Name: Manickamalar Kayalvizhi Pillay
Year Awarded Scholarship: 2013
Scholarship Scheme: SGS (Open)
Undergraduate University: National University of Singapore
Undergraduate Course: Bachelor of Laws
1. Why did you take up a PSC scholarship?
Long before I even knew about the Public Service Commission (PSC) scholarship, I was an avid organiser of community service activities. It started when I was 14 with my school’s service learning programme. A group of friends roped me in and we volunteered at a home for people with dementia. That entire experience resonated with me and piqued my interest. By the time I was 16, three friends and I had organised a full awareness campaign for breast cancer under the YMCA Youth for Causes scheme and managed over a 1000 volunteers.
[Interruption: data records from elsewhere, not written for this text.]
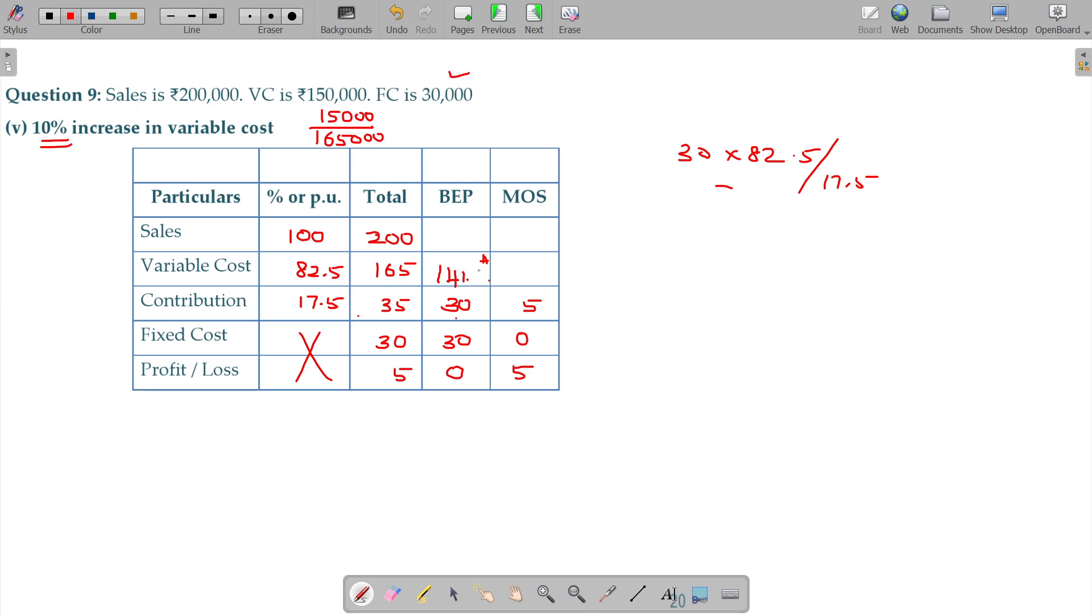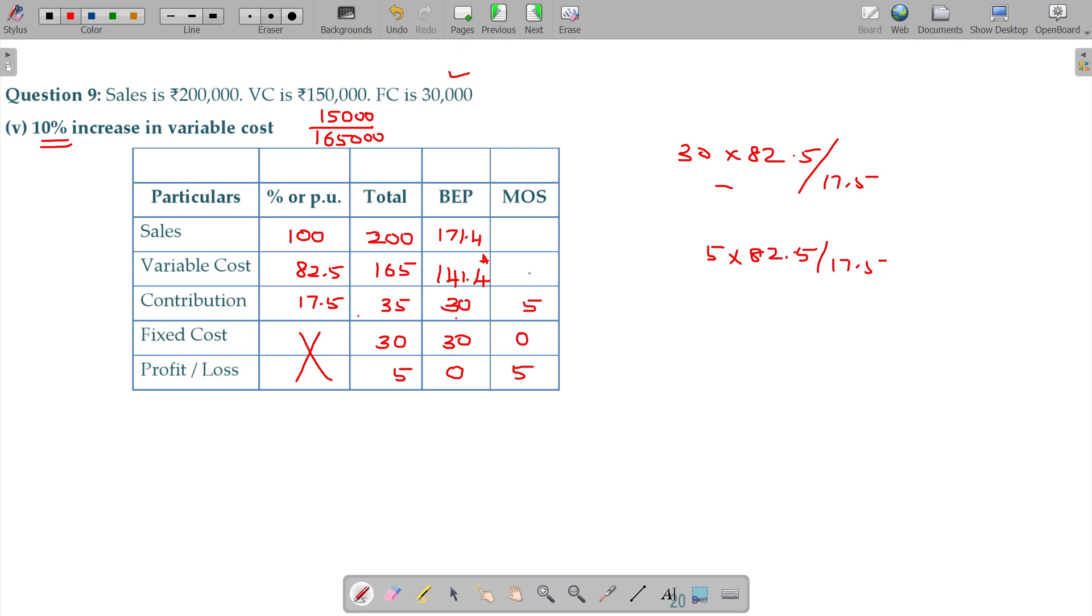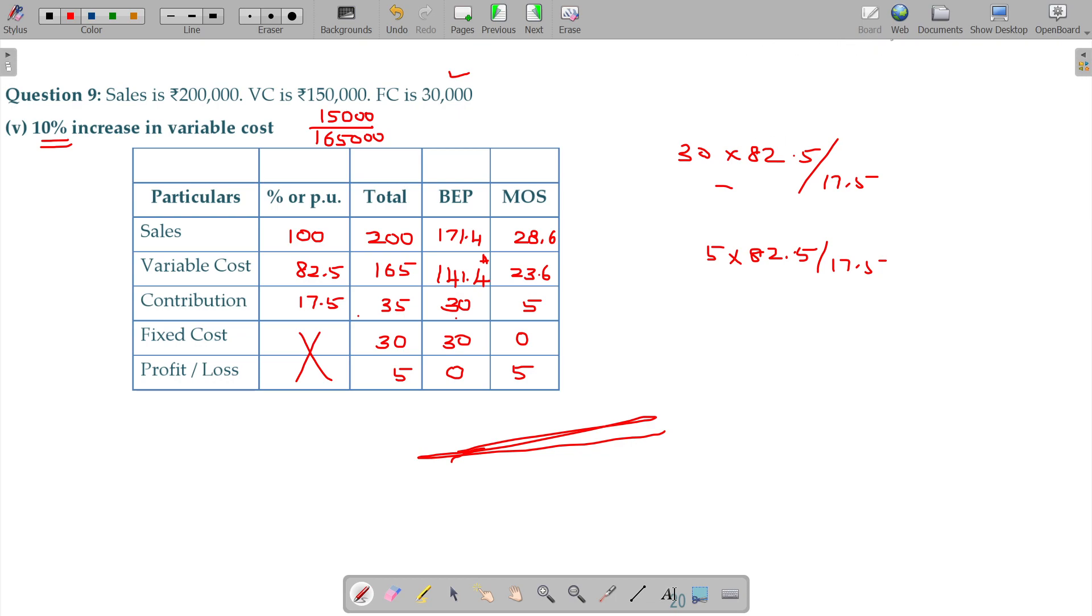So, this value should be 23.66 then this value should be 28.6. We got it now, 10 percent increase in variable cost.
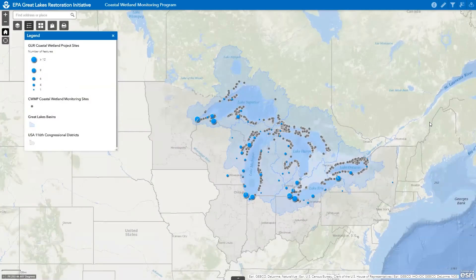In this tutorial, I provide a demonstration of the advanced tools and features of this web map application — the filter, select, and near me tools located in the top right of the map window.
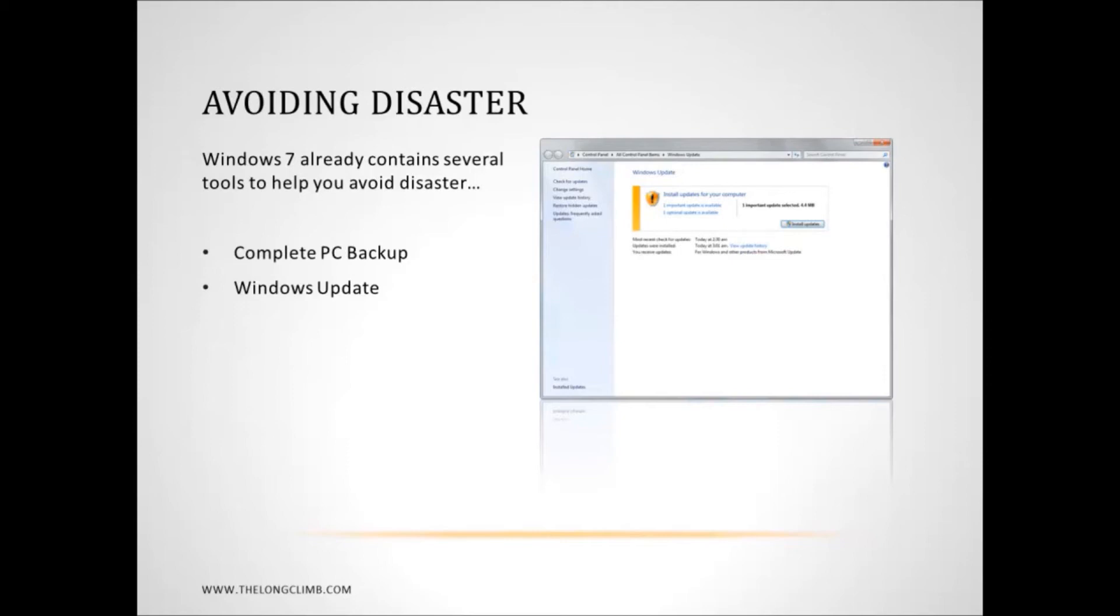But you should let it install important and critical updates. You should also look for recommended and optional updates as well, because these can include new drivers for your hardware and updates for other software such as Microsoft Office.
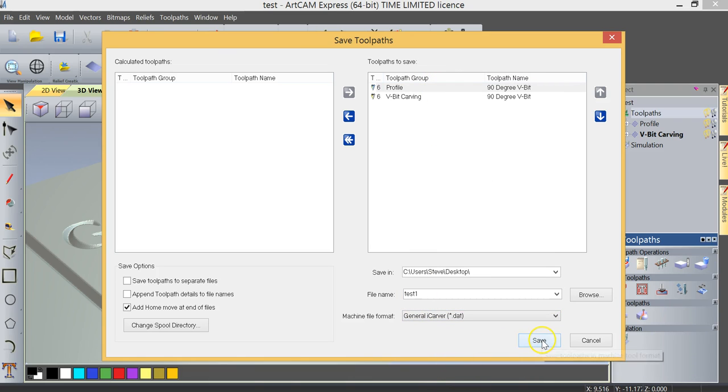And then I'm going to very simply click save and what that will now do, and you can see it happen very quickly, it saves that toolpath so that we can now start machining that project.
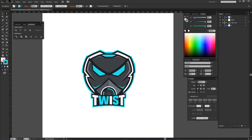Yo, what is going on guys? It is your boy Sensor here, bringing us yet another video here today. Bringing us another mascot design tutorial help kind of video going on yet again. So I know you guys love these videos and I'm very, very happy because of course I've been getting really good at mascot designing. At least I feel like because I've been practicing a lot.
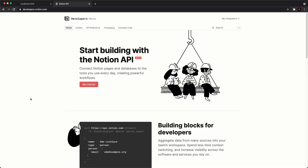Hey everybody, Evan here from devasend.com. In this video, we're going to be covering using the Notion API with Next.js. I'm not going to cover every single thing inside the API, but I will show a couple basic examples of how you can get started. By knowing how to do those basic examples, you should practically know how to do everything within this API.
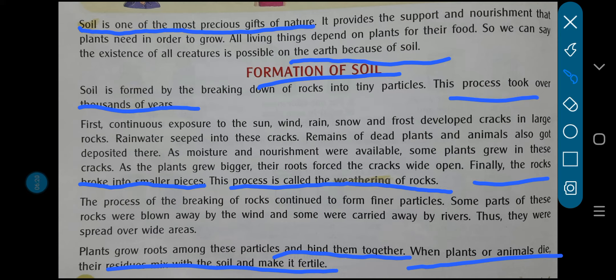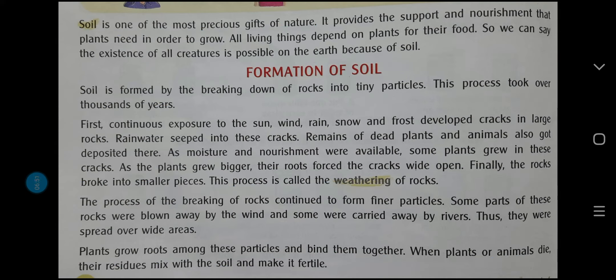In your garden, dig a large pit in a corner and put all the dust, vegetable peels and other household garbage into it. Fill the pit and cover it with mud. After three to four months, when you dig it up, you will find that all the things you buried under the mud have formed a very fertile manure, which helps in growing other plants.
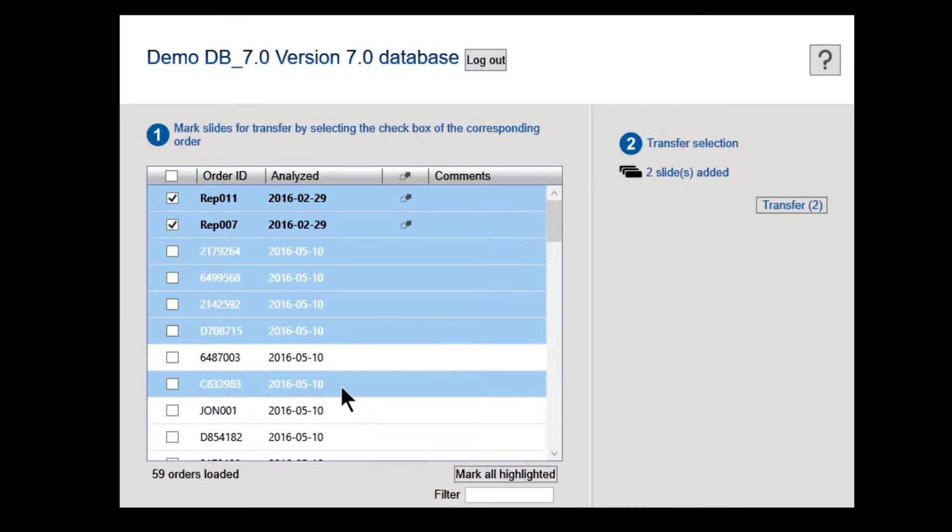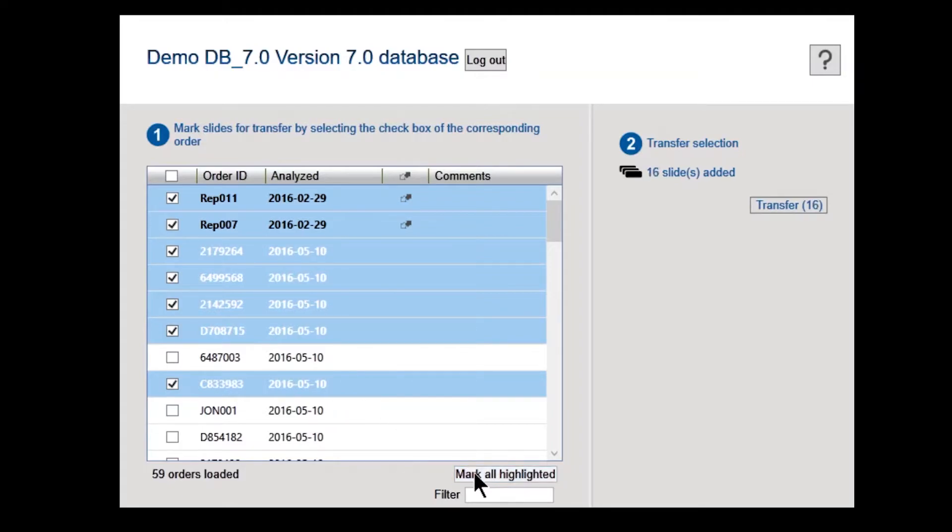After selecting all the slides you want to transfer, click Mark all highlighted. In the Transfer selection panel to the right, you can see the total number of slides marked for transfer.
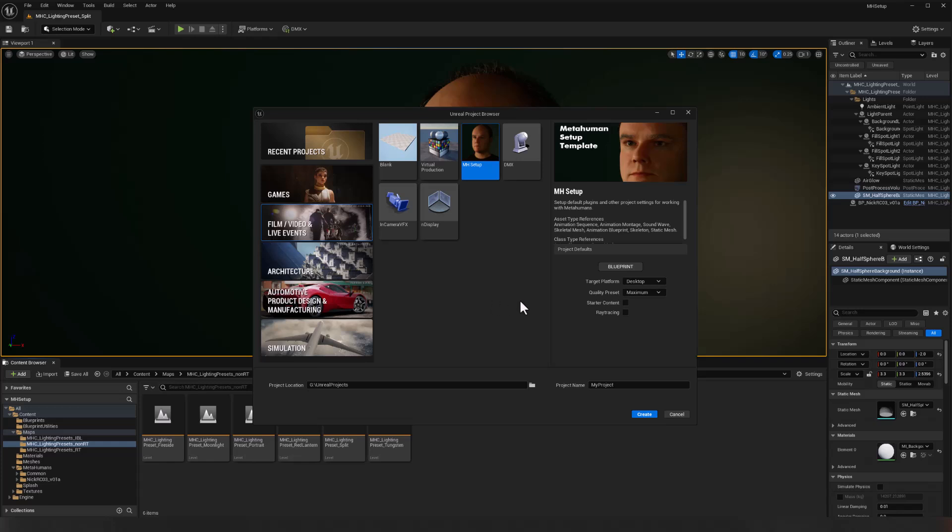Hey everybody, this video is going to show how you can create your own custom templates that you can put into the Unreal Engine startup screen. In this case, I'm setting up a MetaHuman template so that all of the plugins I need and everything else that I use for Live Link and such with MetaHumans is already in the project when I start it up.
When I graduated from Raffles Junior College as a fresh-faced 18 year-old, I was unsure about many things in life. However I was rather certain about two things: that I wanted to study law and that if I took up a scholarship, it had to be one that focused on the community. With these goals, I was lucky that the PSC Scholarship proved to be a natural fit. As I was fond of telling my friends, even without this scholarship, I truly believe I would have applied for a job with the Public Service upon graduation.
At the end of it all, simply referring to the ‘Public Service’ as such may be a misnomer suggesting that it is a monolithic entity. Rather, a career in the Public Service allows one to craft his own path within it. One can specialise in a particular area, or be moved around the different ministries. It is a career path that develops and changes apace with one’s own interests and talents.
2. What opportunities for development have you been given as a PSC scholarship holder?
When you are awarded a PSC scholarship, you are given more than just funds to study; you are inducted into a community that constantly pushes you to question things. Being able to compete in overseas conferences is but one of the developmental opportunities that the PSC offers. I appreciate that the PSC is not solely interested in academic development. For instance, they help cultivate a sense of independence, encouraging overseas exposure, either by studying overseas or taking part in student exchange programmes. As a law student, I was also given the invaluable opportunity to meet with the presently serving Legal Service Officers (LSO) and intern at the Attorney-General’s Chambers. Such opportunities primarily allowed me to experience the life of a LSO and decide if this was where I wished to start my career. As a newly-minted public servant, I truly believe that the Public Service will continue to shape me and my experience in the coming years.
3. Share with us a couple of highlights from your scholarship journey.
One of my most memorable experiences was when I volunteered with the Innocence Project (Singapore). Being allowed to interview applicants in prison and make a recommendation was indeed a rare gem of an opportunity since I was only a student. Talking with the applicants taught me the plight of those who lacked understanding of the legal system and their lawyers’ duties to them. Simultaneously, it made me cautious of how some applicants attempt to outwit the very same system. Above all, it reinforced how vital it is to be conscientious and dedicated; to double-check and even triple-check the evidence, because a simple day’s work for me could mean a jail term for someone else.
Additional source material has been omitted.